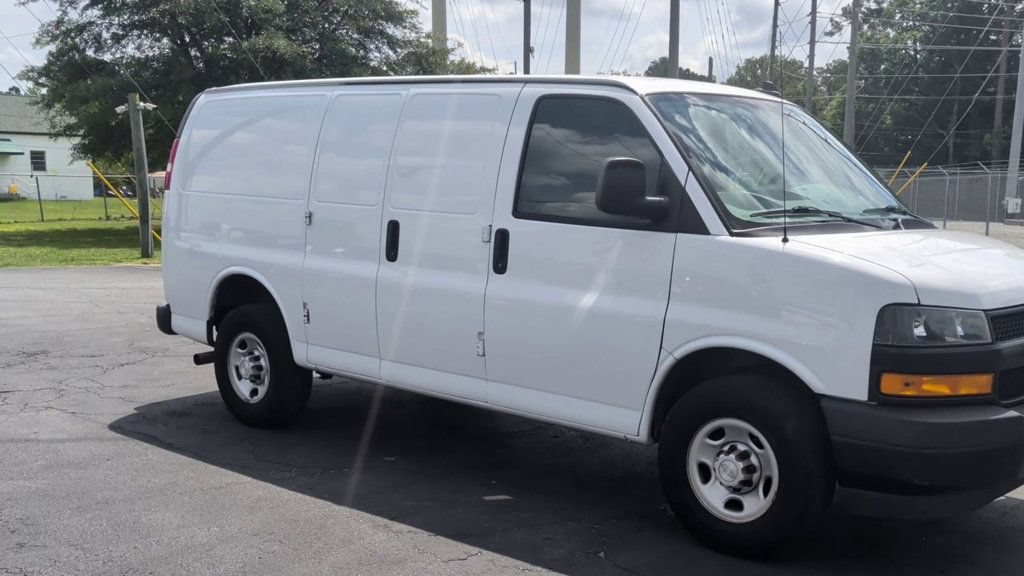 Used 2018 Chevrolet Express 2500 w/ Driver Convenience Package RWD image 2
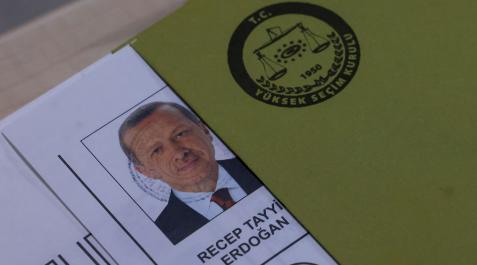 erdogan-elecciones Una papeleta con la imagen del presidente turco Tayyip Erdogan durante las elecciones presidenciales y parlamentarias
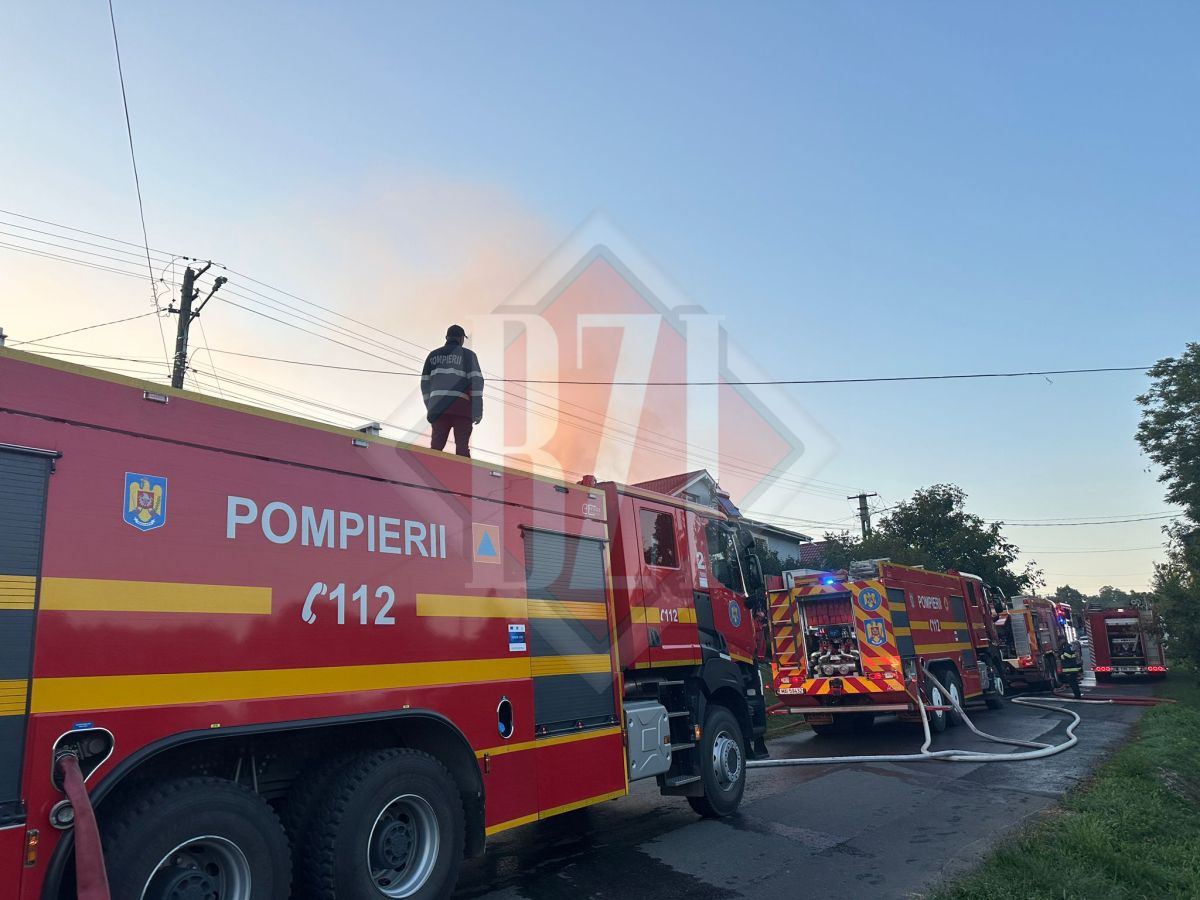 Incendiu în Ciurea! Flăcările au izbucnit la o magazie și s-au propagat la două case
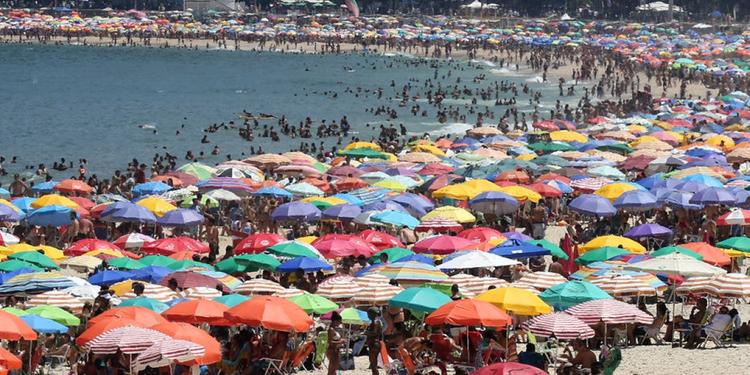 Verão atrai retorno de trabalhadores informais às praias e balneários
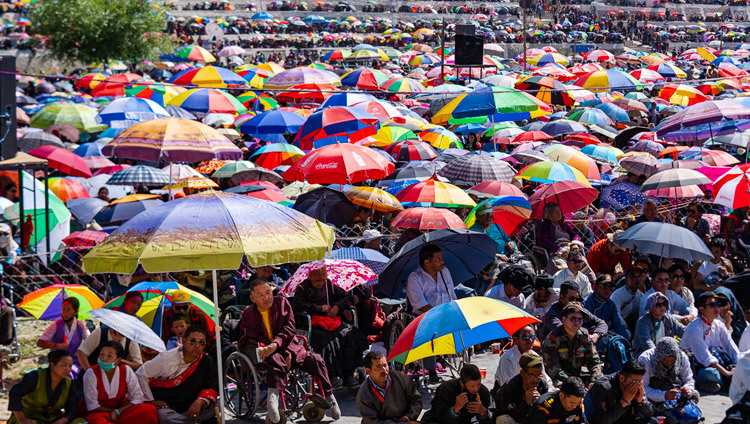 Hầu hết khoảng 30.000 người tham dự ngày Pháp hội cuối cùng của Ngài đều bảo vệ mình khỏi ánh nắng mặt trời dưới những chiếc ô dù tại sân bãi thuyết pháp Shewatsel ở Leh, Ladakh, J & K, Ấn Độ vào 31 tháng 7, 2018. Ảnh của Tenzin Choejor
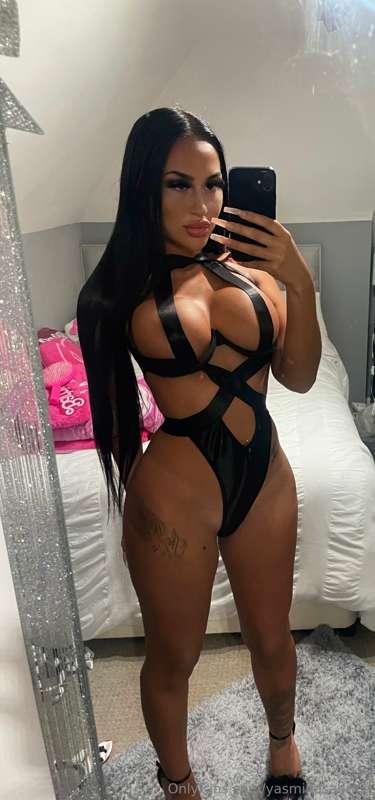 Your barbie ?💋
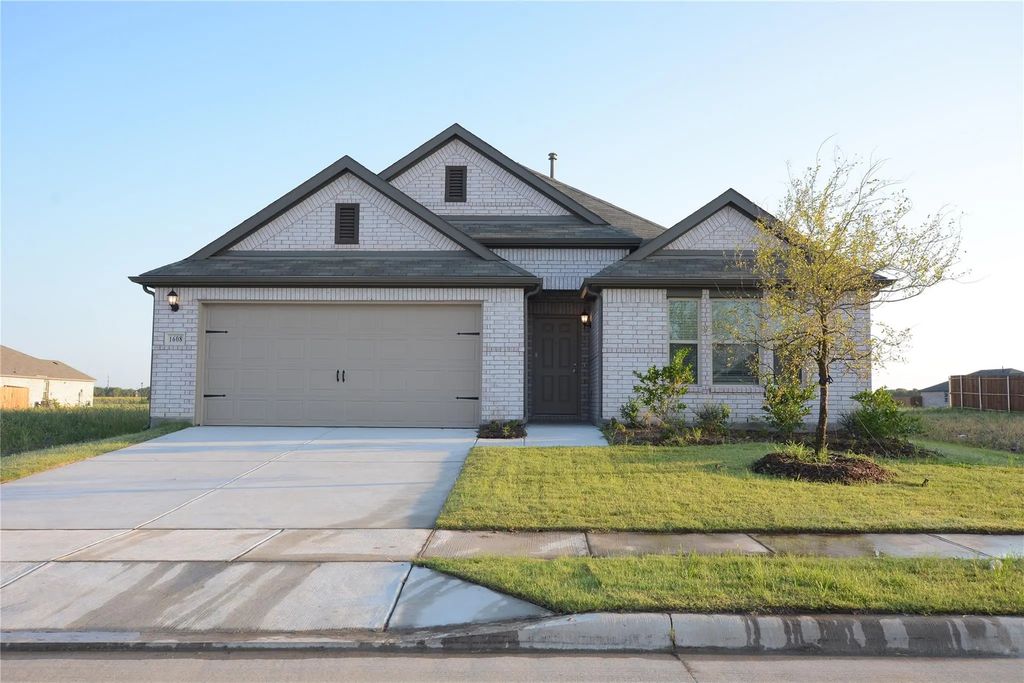 1608 Etosha Drive, Royse City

━━━━━━

■ **YOUR TASK**: Copy nothing outside the span: please output the lines from the one with "Hầu hết khoảng" through the end of the entries above, and skip the pictures.

■ **OUTPUT OF THE EXERCISE**:
 Hầu hết khoảng 30.000 người tham dự ngày Pháp hội cuối cùng của Ngài đều bảo vệ mình khỏi ánh nắng mặt trời dưới những chiếc ô dù tại sân bãi thuyết pháp Shewatsel ở Leh, Ladakh, J & K, Ấn Độ vào 31 tháng 7, 2018. Ảnh của Tenzin Choejor
 Your barbie ?💋
 1608 Etosha Drive, Royse City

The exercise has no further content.